Confira os principais pontos da entrevista do cacique Arnaldo concedida ao Correio, quando ele estava no Acampamento Terra Livre (ATL), entre 4 e 14 de abril, em Brasília.
História
Ali na nossa região, na época que conheci não tinha nada de problema. Meu pai, que era o primeiro cacique geral. Morreu com 103 anos de idade, em 2013, e me indicou para ficar no lugar dele. Hoje, eu tenho 65 anos de idade, mas eu estou lutando pelo meu povo desde cedo. Antes, não tinha nenhum branco no meio de nós, onde me criei, na aldeia Cabitutu. O índio, naquele tempo, vivia em várias terras, de tempo em tempo se mudava. Não tinha nada de problema, tinha fartura, fazia roça, plantava mandioca. Mas, agora, não. Agora mudou. Tem 10 anos que assumi a aldeia, mas hoje em dia eu não paro mais na minha aldeia. Como cacique, a responsabilidade é muito pesada para a gente. A gente não dorme direito, muita preocupação.
Garimpeiros
Eu conheci os garimpos quando eu tinha 12 anos. Até eu trabalhei no garimpo, mas era manual, não tinha maquinário, nem sujava água. Não tinha máquina naquele tempo. Era pouca gente, só indígena mesmo. Tinha mais respeito pela natureza porque não tinha nada. Mas, agora, a gente tá estranhando muito. Foi em 2010 que ficou mais forte. Nossa área está demarcada. Aí, outro cacique, lá no canteiro de área indígena, abriu a porta e o garimpeiro entrou. Depois que os garimpeiros chegaram, fomos lá ver eles subindo o rio das Tropas. Tinha muita cachaçada, droga, armas, quase nos mataram. Sorte que eu estava com 60 guerreiros. De lá para cá, até agora, ninguém mais está aguentando. E agora é assim: eles saem e outros entram. Tá tudo destruído já.
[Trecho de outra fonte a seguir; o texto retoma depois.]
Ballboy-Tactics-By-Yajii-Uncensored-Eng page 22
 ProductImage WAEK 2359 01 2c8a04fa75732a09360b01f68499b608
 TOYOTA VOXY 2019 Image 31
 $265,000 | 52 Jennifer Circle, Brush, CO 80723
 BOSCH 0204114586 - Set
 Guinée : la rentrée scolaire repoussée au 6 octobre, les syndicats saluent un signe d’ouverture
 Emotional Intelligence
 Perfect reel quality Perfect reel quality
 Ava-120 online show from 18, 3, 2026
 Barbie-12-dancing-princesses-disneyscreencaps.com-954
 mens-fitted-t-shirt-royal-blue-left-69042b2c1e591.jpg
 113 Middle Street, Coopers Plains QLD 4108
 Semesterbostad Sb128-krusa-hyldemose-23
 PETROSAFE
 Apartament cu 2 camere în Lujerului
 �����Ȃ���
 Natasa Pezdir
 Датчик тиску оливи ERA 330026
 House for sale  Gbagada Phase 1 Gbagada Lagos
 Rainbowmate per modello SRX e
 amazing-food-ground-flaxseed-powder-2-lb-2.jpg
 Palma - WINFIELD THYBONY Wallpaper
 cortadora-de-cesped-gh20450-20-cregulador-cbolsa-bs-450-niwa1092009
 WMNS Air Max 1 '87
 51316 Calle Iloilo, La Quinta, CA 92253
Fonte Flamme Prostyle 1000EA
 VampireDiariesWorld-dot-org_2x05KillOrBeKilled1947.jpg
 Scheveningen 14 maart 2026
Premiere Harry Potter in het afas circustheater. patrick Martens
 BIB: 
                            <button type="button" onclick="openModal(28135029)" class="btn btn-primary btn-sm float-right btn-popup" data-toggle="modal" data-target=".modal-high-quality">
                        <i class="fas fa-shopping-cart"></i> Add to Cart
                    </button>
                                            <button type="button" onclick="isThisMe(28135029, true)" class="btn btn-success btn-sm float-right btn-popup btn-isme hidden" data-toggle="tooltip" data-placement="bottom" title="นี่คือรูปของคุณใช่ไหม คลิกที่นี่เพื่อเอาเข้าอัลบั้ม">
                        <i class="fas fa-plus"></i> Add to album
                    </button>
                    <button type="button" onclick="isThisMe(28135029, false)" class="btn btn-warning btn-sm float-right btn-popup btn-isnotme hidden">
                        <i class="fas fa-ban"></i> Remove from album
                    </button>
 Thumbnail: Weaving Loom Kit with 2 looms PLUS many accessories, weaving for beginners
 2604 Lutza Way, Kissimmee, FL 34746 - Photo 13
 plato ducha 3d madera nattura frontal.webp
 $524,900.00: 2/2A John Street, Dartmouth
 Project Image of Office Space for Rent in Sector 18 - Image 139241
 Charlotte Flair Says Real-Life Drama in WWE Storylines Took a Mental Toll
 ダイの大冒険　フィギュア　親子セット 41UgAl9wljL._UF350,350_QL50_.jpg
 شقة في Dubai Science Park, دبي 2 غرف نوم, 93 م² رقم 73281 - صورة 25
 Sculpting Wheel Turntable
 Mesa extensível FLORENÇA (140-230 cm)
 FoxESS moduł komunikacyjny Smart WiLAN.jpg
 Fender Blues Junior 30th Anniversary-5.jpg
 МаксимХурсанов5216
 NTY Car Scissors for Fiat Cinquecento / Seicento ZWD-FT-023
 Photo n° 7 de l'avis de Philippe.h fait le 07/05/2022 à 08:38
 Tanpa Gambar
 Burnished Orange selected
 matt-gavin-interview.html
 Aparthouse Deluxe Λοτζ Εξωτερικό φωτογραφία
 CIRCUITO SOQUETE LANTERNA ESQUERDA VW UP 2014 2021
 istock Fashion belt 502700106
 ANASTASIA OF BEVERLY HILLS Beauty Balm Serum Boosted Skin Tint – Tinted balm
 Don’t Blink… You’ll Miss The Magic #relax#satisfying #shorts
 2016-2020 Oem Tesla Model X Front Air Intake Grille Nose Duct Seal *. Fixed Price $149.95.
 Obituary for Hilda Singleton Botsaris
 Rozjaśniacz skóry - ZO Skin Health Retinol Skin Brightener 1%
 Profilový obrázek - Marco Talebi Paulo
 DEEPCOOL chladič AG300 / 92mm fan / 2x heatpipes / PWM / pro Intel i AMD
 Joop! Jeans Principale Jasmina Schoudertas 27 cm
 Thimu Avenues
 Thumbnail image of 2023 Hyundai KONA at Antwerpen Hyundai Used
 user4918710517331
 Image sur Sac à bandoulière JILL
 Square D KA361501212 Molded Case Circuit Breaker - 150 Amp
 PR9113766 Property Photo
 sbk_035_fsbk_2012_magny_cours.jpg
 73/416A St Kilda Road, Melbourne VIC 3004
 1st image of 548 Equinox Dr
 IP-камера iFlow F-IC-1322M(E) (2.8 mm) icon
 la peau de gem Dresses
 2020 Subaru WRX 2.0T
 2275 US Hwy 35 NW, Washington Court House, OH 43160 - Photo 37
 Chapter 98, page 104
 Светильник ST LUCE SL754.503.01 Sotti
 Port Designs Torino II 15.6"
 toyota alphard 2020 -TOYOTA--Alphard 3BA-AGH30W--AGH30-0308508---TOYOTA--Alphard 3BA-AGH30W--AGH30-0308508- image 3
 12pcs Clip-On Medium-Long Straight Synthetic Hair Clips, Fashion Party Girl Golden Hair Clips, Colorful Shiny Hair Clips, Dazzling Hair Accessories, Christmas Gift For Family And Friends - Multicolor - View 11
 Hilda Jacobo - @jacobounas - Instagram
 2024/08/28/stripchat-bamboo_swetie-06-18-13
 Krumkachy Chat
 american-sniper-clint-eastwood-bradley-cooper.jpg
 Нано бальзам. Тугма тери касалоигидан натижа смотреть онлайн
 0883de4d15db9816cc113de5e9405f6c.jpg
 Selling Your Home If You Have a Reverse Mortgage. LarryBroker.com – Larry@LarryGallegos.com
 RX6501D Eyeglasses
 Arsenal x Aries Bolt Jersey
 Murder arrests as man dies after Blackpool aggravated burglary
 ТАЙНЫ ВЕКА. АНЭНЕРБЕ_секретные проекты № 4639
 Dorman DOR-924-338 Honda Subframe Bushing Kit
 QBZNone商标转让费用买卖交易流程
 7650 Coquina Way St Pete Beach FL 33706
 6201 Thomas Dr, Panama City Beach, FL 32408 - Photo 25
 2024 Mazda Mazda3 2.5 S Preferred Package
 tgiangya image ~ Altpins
Tem peixe, mas só que contaminado, não está bom para comer não.
Mercúrio
O doutor tirou nosso sangue, fez exame e deu tudo positivo (para mercúrio). Quer dizer, estamos todos doentes. Aí a criança já nasce aleijada, por causa do mercúrio, sem orelha. Tem um bocado já. O doutor disse que é mercúrio que faz assim com as pessoas. Nós que somos pais, nossas mães, já estão todos doentes com mercúrio. Peixe doente, água contaminada, Tapajó já contaminado.
Alimentação
Tá acabando com a alimentação (o garimpo). A gente tem que se preparar, estudar para poder criar nossos filhos. Comer a comida de vocês, frango, porco de casa, criar o peixe, criar gado, só assim que podemos viver. A única coisa que indígena pode fazer é isso, porque nós já somos civilização. Porque os nossos antepassados não andavam assim. A cultura deles era diferente.
Governo estadual
O governo do Pará parece que não tem nem governo pra lá. Nem liga. Ele também nunca procurou a gente. Nunca mandou o pessoal dele para fazer consulta com o povo indígena. Nem daqui né. Não tem diálogo nem com o governo do estado nem municipal. A gente está esquecido por lá, triste.
Descaso
Dizem que até a Funai tá no meio deles, do governo. Por isso, eles nunca mais foram fazer visita dentro das aldeias. Nunca. Eles não querem esculhambação. O pessoal da Funai lá de Itaituba nunca vai fazer visita. Mas eles estão com medo também. Não com medo dos garimpeiros, mas de pegar esculhambação, pelo que eu entendo. Porque muita gente de Itaituba estava ligado com eles também, com o governo, e só fazem o que mandam. É isso o que está acontecendo na nossa região, no Mundurucania, Alto Tapajós.
Migração
Isso eu acho muito errado. Porque tem muitos munduruku morando dentro da cidade, principalmente, da comunidade do rio do Cururu, que tem muita fartura. Não tem garimpo ainda. Mas eles vão embora só por causa da distância, e nisso eu até dou razão para eles. Muito longe onde eles moram. Mas é que hoje em dia não sabem mais remar. Aí fica ruim também e minha voz fica fraca, se eu posso dizer para um branco para sair (da terra indígena). Ele pode me pegar: "porque então que seu pessoal não está morando na aldeia?" Isso é difícil.